These conclusions jibed with a growing body of international evidence that general deterrence, which rests on a rational actor model of behaviour, showed serious limitations for crime control – compared to certainty of apprehension – and that specific deterrence, targeted at already convicted offenders, also revealed little evidence of reliable effect.6 In short, though not without controversy, the foundational rationale of the criminal justice system – deterrence through the threat of punishment – lacked robust and repeatable validation in a growing body of empirical evidence and lived experience.7

These findings, however, were discordant with the rise of “expressive justice,” the emergence of victims’ rights groups and the politicization of crime as a politically salient wedge issue. The other factor that set the pendulum swinging toward greater punitiveness was the 1974 publication of American criminologist Robert Martinson’s “nothing works” article. He argued that there was little evidence that prisons could perform a rehabilitative role. Though he later amended his findings, the “nothing works” article inflicted serious damage on the legitimacy of the postwar rehabilitative/welfare model of corrections. At roughly the same time, a revived justification for punitiveness was “rendered noble through the inherent virtue of just desert” sentencing philosophy and the enduring prospect that severe punishment might just deter even if cures were impossible. So was born, in the mid- to late 1970s, the “get tough” movement and the ideology of “penal harm” which justified harsh treatment of criminal offenders and the politicization of criminal justice policy.8

In an interesting recent development, however, the United States appears to have reached the limits of mass incarceration through “get tough” policies. Driven largely by a combination of mandatory minimum sentencing practices and an all-out war on drugs – which has really been a war against its black urban underclass – the largest penal jurisdictions of Florida, Michigan, California, Ohio and New York state are either dismantling their mandatory sentencing regimes or closing prisons to balance state budgets.

Tough on crime: The urgency of being seen to be doing something

The Harper government’s crime agenda was laid out in the Conservative campaign document Stand Up for Security in January 2006. The analysis opens with the claim that Canada’s homicide rate is up and that the Liberal record on crime has been weak. Stand Up for Security called for 14 sweeping changes to the criminal code and the Corrections and Custodial Release Act – all premised on the slogan that “serious crime must mean serious time.”

Jane Creba’s death gave Stand Up for Security a face and a narrative: beautiful teenage white girl gunned down in broad daylight on a crowded street by gang-affiliated young black man the day after Christmas.

The late American political scientist and student of symbolic politics Murray Edelman wrote in his 1988 book Constructing the Political Spectacle that in the age of mass media and the 24-hour news cycle, political actors feel an urgency to be seen to be “doing something.” In this regard, the tragic death of Jane Creba on Yonge Street on December 26, 2005, was a gift, arriving as the coda to Toronto’s “Summer of the Gun.” Creba’s death gave Stand Up for Security a face and a narrative: beautiful teenage white girl gunned down in broad daylight on a crowded street by gang-affiliated young black man the day after Christmas.
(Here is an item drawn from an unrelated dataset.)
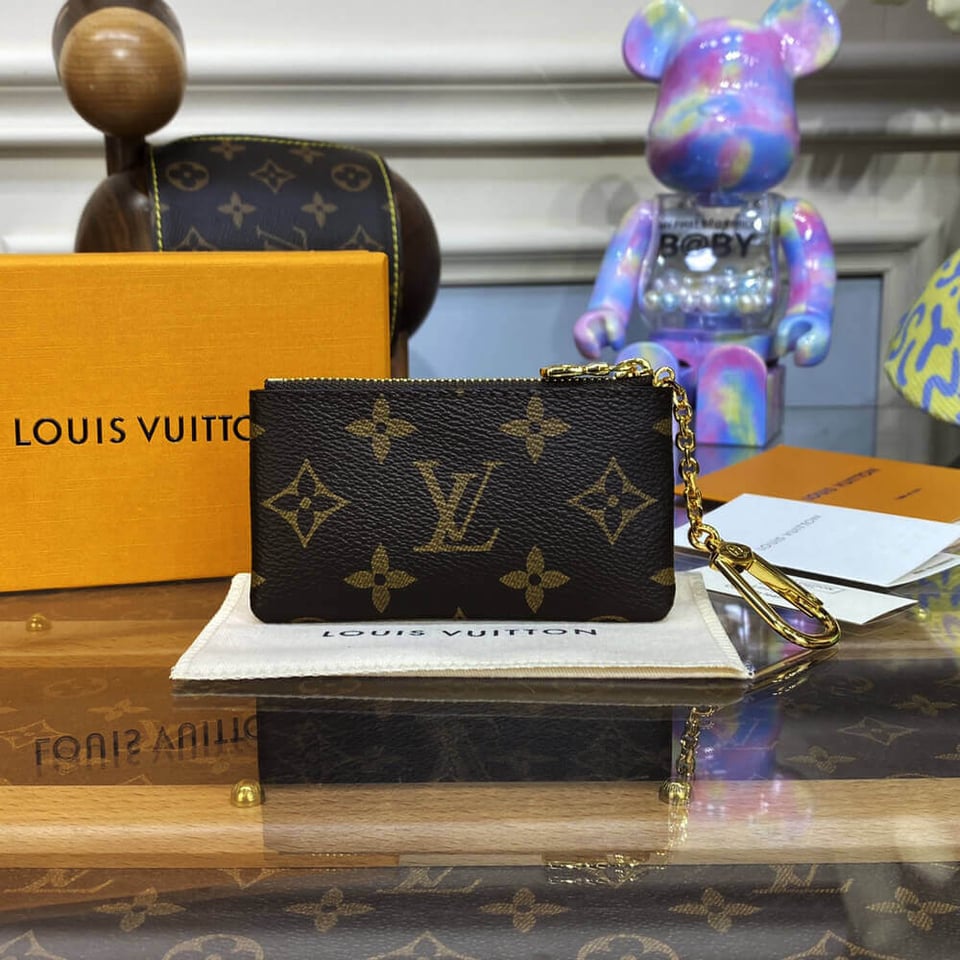 Louis Vuitton Christmas Animation 2022 Key Pouch Pink view 4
When young black men were shooting each other in the projects, it was sad and unfortunate – but it took on a different quality when it arrived at the corner of Yonge and Dundas.

Seen from the perspective of needing to be seen to be “doing something” in the runup to the election of January 23, 2006, the timing could not have been more auspicious. The circumstances of Creba’s killer(s) were obliterated in the stampede to be tougher than thou which engulfed federal political parties. Lost in the fear and loathing was a critical perspective on how Canada’s 98-year experiment in drug prohibition had nurtured and reproduced the gang-and-gun culture that had spawned the “Summer of the Gun.” There was simply no appetite for looking at causes – and criminologists who tried to put events in context were politely ignored or dismissed as out-of-touch ivory-tower intellectuals.

Among the many promises the government made in its “tough on crime” electoral agenda – and the one where legislation really can affect conditions on the ground – was on the public (mis)perception that Canada’s correctional system was “mollycoddling” prisoners, that too many were simply riding out their time to statutory release, and that there were no meaningful consequences for bad behaviour while incarcerated.

The unstated premise was that prison is insufficiently punitive, that offenders don’t take advantage of their rehabilitative options while incarcerated and that the correctional pendulum had swung too far in the direction of human rights to the detriment of victims and their families. Though never directly stated, the implication is that there exists a zero-sum relationship between offenders and victims in which respect for human rights for prisoners equates to further insult and injury to victims. Steps would be taken, therefore, to address the legitimate complaints of victims by making sentences longer and conditions of incarceration harsher and more punitive. Community-based sentences, which are shown by evidence to be cheaper and in many cases more effective, were to be scaled back. Exactly how these harsher measures were supposed to work was never explained.

Mandatory minimum sentences vs. the evidence

When he was Vice-Chair of the Standing Committee on Justice and Solicitor General in the late 1980s, Rob Nicholson – who would become Harper’s Justice Minister in 2007 – opposed mandatory minimum sentences (MMS) because they are “inconsistent and unfair often do not correspond with the seriousness of the offence to which they apply and they do not relate to what should happen to someone convicted of the offence.”9 Two decades later, however, Stand Up for Security called for “truth in sentencing” through the introduction of MMS for a range of offences and an end to conditional sentences (intended to reduce reliance on incarceration).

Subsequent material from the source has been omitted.